What the task asks:
Set down each line of the data exactly, but not the pictures.

Raw data:
____________________
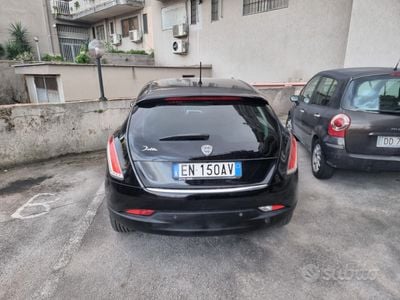 Usata Lancia Delta Silver 120 CV (88 kW) 2012 Nero Utilitaria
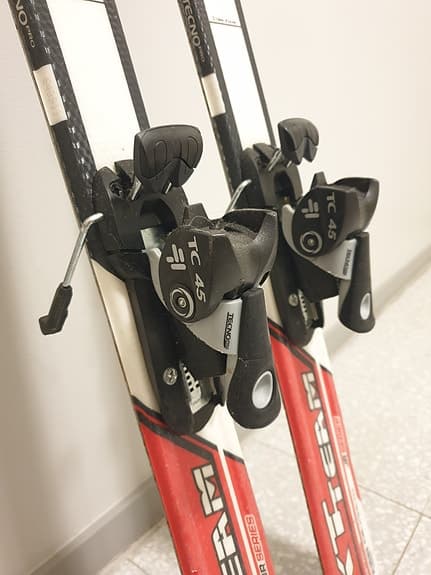 Skidor Alpina Tecno XT team 120 med bindningar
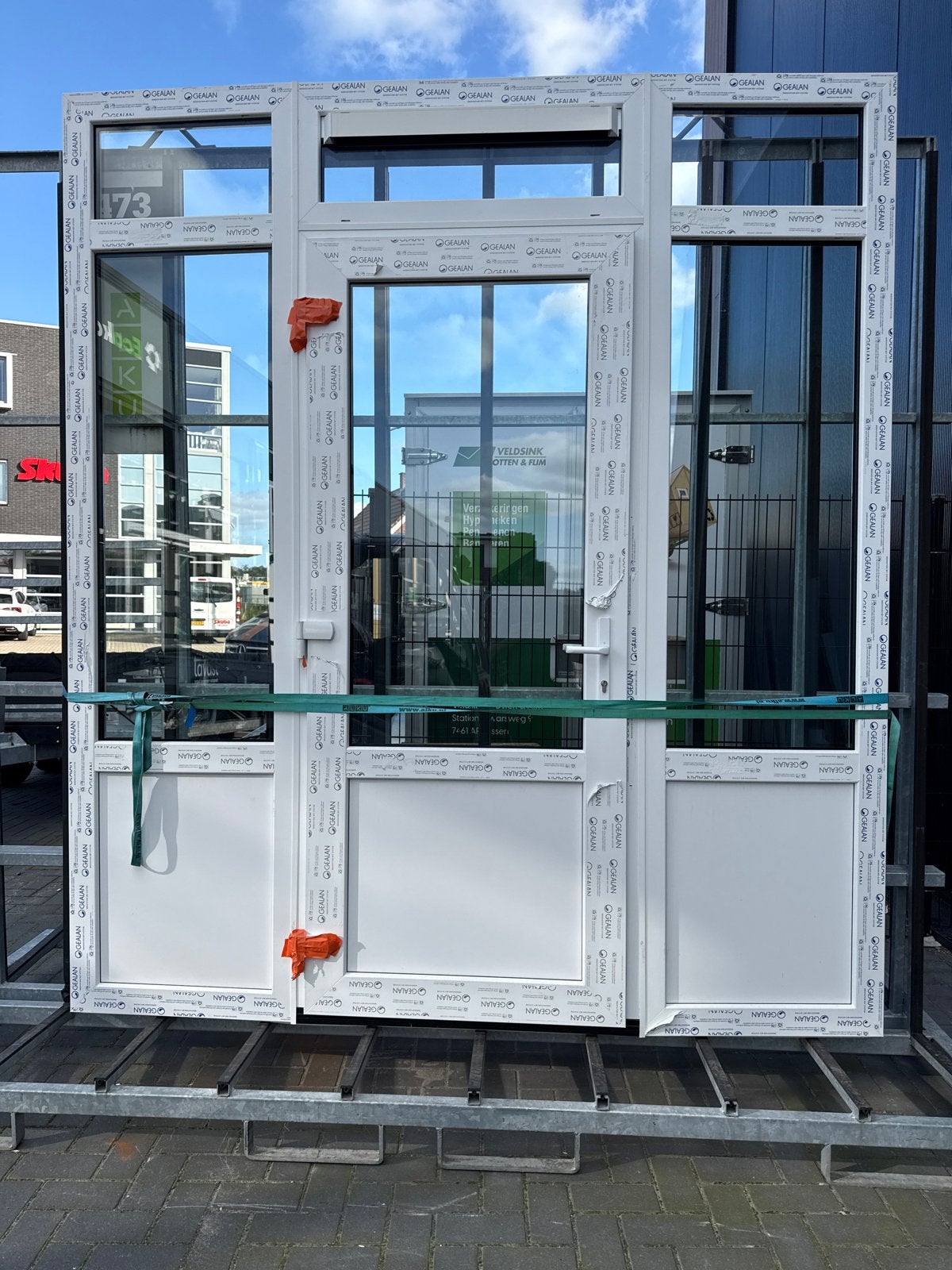 Nieuwe Gealan driedelige pui met buitendeur en HR++ glas, Ophalen, Kunststof, Nieuw, Buitendeur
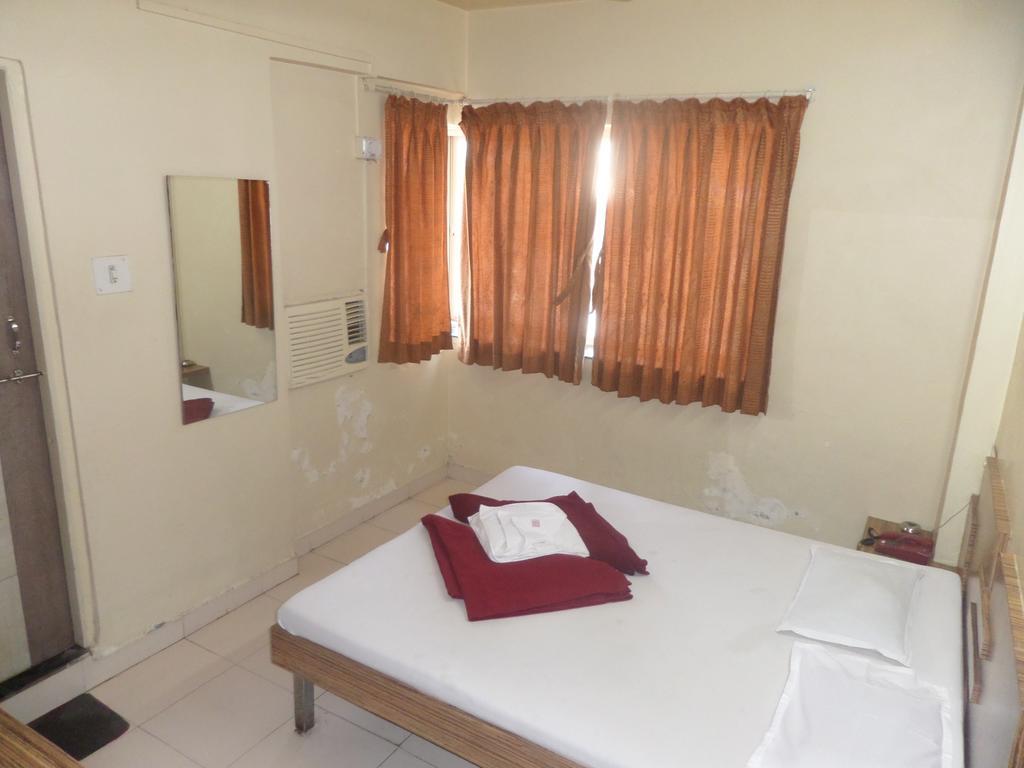 Sai Ratna Hotel *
____________________
Answer space:
 Usata Lancia Delta Silver 120 CV (88 kW) 2012 Nero Utilitaria
 Skidor Alpina Tecno XT team 120 med bindningar
 Nieuwe Gealan driedelige pui met buitendeur en HR++ glas, Ophalen, Kunststof, Nieuw, Buitendeur
 Sai Ratna Hotel *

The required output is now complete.